A Rubyist's Guide to Big-O Notation

I don't have a degree in computer science. Lots of us Rubyists don't. So for a long time I avoided learning about big-O notation. It looks a little too much like higher math. I mean: O(N^2). Come on.

Instead, I learned rules of thumb:

Finding a specific item in a Hash is faster than in an Array
Avoid nested loops
Watch out for accidental DB queries when generating lists in your views

These rules are nice, but unless you understand WHY they work, you're going to find yourself making mistakes and having inexplicable performance problems.

Why does it matter?

Big-O notation is just a fancy way of describing how your code's performance depends on the amount of data it's processing.

Performance means one of two things: speed, or ram usage. In computer science class you'd refer to these as "time complexity" and "space complexity." Big-O notation is used for both, but we're going to focus on speed here, since that seems to be the more common usage.

You would expect that processing an array of 100 items would be slower than an array of 10 items. But by how much? 10x, 100x? 1000x?

It's not a big deal with small datasets, but if your app gets exponentially slower for each row in the database it soon becomes a problem.

Before we get into the details, I made a quick chart showing common big-Os with emoji showing how they'll make you feel as your data scales.

Big O	Rank	Meaning
O(1)	😎	Speed doesn't depend on the size of the dataset
O(log n)	😁	10x the data means 2x more time
O(n)	😕	10x the data means 10x more time
O(n log n)	😖	10x the data means about 20x more time
O(n^2)	😫	10x the data take 100x more time
O(2^n)	😱	The dilithium crystals are breaking up!

So when someone says Array#bsearch is better than Array#find because it's O(log n) vs O(n) you can just compare 😁 to 😕 and see that they might be onto something.

For something a little more robust, check out the Big-O Cheat Sheet

Deciphering the Notation

You don't have to memorize all of the different Big-O values, so long as you understand how the notation works.

Take, for example, the horrible horrible O(2^n). If we were to express that in Ruby, it might look like this:

# O(2^n) translated to Ruby
def o(n)
  2 ** n  # This is ruby for 2^n
end

Still not obvious? How about if I rename the method and argument to something more user-friendly?

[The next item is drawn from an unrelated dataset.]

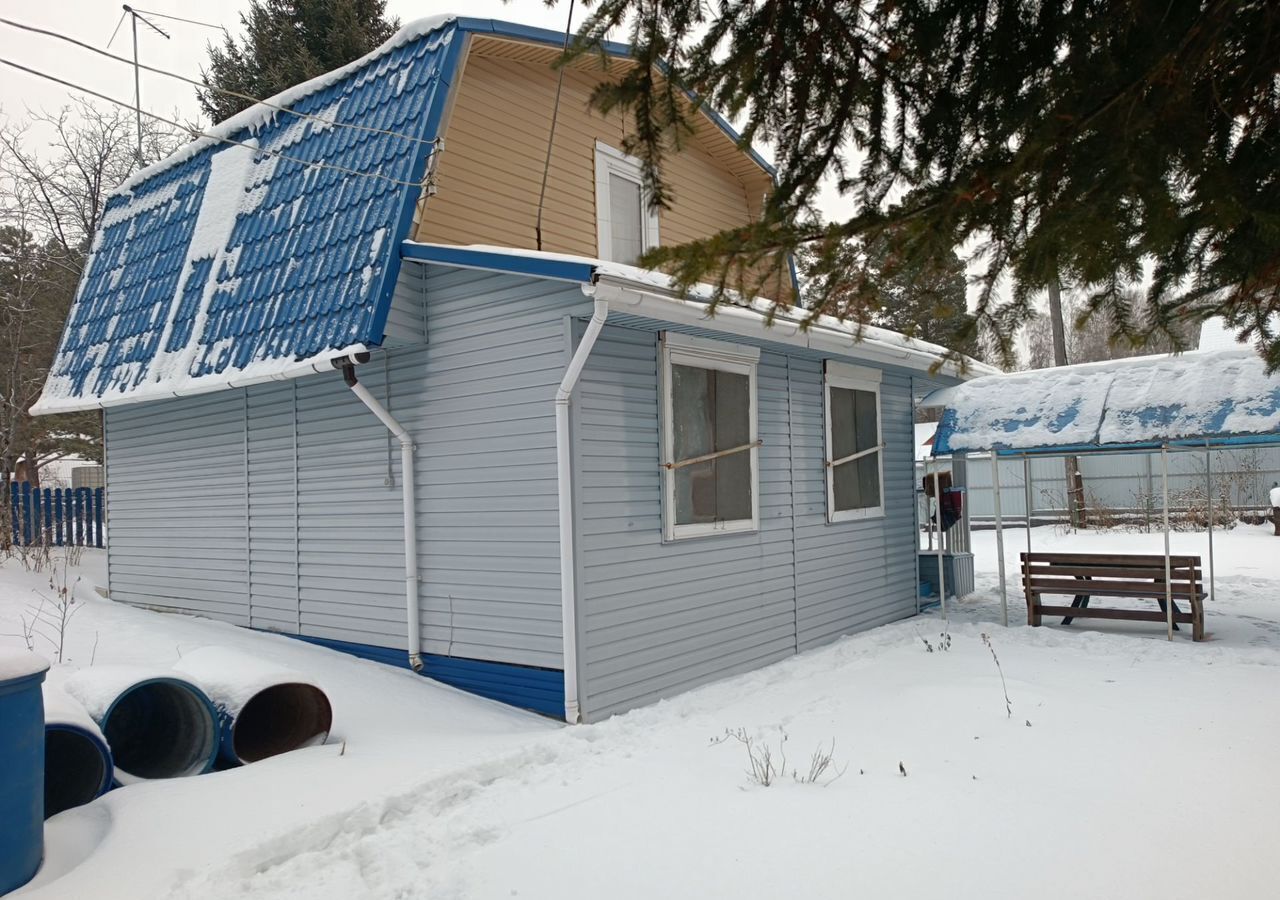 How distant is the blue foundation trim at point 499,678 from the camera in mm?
6254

# O(2^n) translated to prettier Ruby
def execution_time(size_of_dataset)
  2 ** size_of_dataset
end

You can do this for all of them:

# O(1)
def o1_execution_time(size_of_dataset)
  1
end

# O(n)
def on_execution_time(size_of_dataset)
  size_of_dataset
end

# O(n^2)
def on2_execution_time(size_of_dataset)
  size_of_dataset * size_of_dataset
end

...etc

Now that you know how the notation works, let's take a look at some typical ruby code and see how it relates.

O(1)

When we say that something is O(1) it means that its speed doesn't depend on the size of its data set.

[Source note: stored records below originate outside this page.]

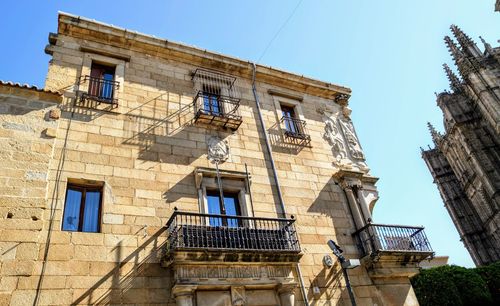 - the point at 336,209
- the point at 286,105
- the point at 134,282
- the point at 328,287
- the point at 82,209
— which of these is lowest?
the point at 328,287

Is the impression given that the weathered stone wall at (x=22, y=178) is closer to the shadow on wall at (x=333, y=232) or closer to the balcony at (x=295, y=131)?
the shadow on wall at (x=333, y=232)

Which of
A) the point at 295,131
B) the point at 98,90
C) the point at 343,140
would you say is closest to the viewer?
the point at 98,90

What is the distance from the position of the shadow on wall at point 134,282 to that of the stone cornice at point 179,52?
696 centimetres

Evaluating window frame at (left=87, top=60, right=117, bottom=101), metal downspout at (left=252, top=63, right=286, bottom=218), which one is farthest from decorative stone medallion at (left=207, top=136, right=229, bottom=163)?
window frame at (left=87, top=60, right=117, bottom=101)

For example, hash lookup times don't depend on the hash size:

# These should all take the same amount of time
hash_with_100_items[:a]
hash_with_1000_items[:a]
hash_with_10000_items[:a]

This is why we tend to say that hashes are faster than arrays for larger datasets.

O(n)

In contrast, Array#find is O(n). That means Array#find depends linearly on the number of items in the array. An array with 100 items will take 100 times longer to search than an array with one item

A lot of code that iterates over arrays follows the O(n) pattern.

(0..9).each do |i|
  puts i
end

# This example is 1/2 the speed of the previous because it contains 2x the items. 
(0..19).each do |i|
  puts i
end

O(n^2)

Code that fits an O(n^2) profile tends to involve nested loops. That makes sense if you think about it. One loop gives you O(n), a second nested loop gives you O(n^2). If — for some unholy reason — you had a 5-level nested loop, it'd be O(n^5).

data = (0..100)
data.each do |d1|
  data.each do |d2|
    puts "#{ d1 }, #{ d2 }"
  end
end

O(n log n)

O(n log n) code is often the result of someone finding a clever way to reduce the amount of work that an otherwise O(n^2) algorithm would do.

You wouldn't be able to just look at a piece of code and tell it's O(n log n). This is where the higher math comes in, and it's also where I bow out.

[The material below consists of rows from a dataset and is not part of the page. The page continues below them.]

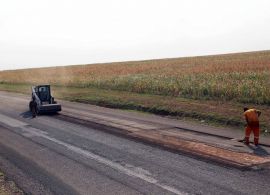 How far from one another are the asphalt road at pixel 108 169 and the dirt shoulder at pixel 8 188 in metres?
0.17

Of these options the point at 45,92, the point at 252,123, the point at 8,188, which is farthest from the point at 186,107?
the point at 8,188

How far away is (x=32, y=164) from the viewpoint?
393 inches

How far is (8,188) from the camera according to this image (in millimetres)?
8164

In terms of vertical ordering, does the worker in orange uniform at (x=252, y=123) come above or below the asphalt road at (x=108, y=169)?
above

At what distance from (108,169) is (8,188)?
2.40 m

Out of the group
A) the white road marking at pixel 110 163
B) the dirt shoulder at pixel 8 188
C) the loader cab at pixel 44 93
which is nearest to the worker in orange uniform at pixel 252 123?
the white road marking at pixel 110 163

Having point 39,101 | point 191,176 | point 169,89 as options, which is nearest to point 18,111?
point 39,101

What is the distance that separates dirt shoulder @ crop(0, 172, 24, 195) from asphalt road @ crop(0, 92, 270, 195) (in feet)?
0.56

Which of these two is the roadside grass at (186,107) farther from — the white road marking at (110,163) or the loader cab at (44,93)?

But it is important to know about O(n log n) because it describes a lot of common search algorithms. Ruby's Array#sort uses the venerable quicksort algorithm, which on average is O(n log n) and worst-case is O(n^2)

If you're not familiar with quicksort, check out this excellent demonstration.

Putting it all together: Your Database

One of the most common problems with new web applications is that they're fast on the developer's computer, but in production they get slower and slower.

This happens because the amount of records in your database grows over time, but your code is asking the DB to do operations that don't scale well. ie. O(n) or worse.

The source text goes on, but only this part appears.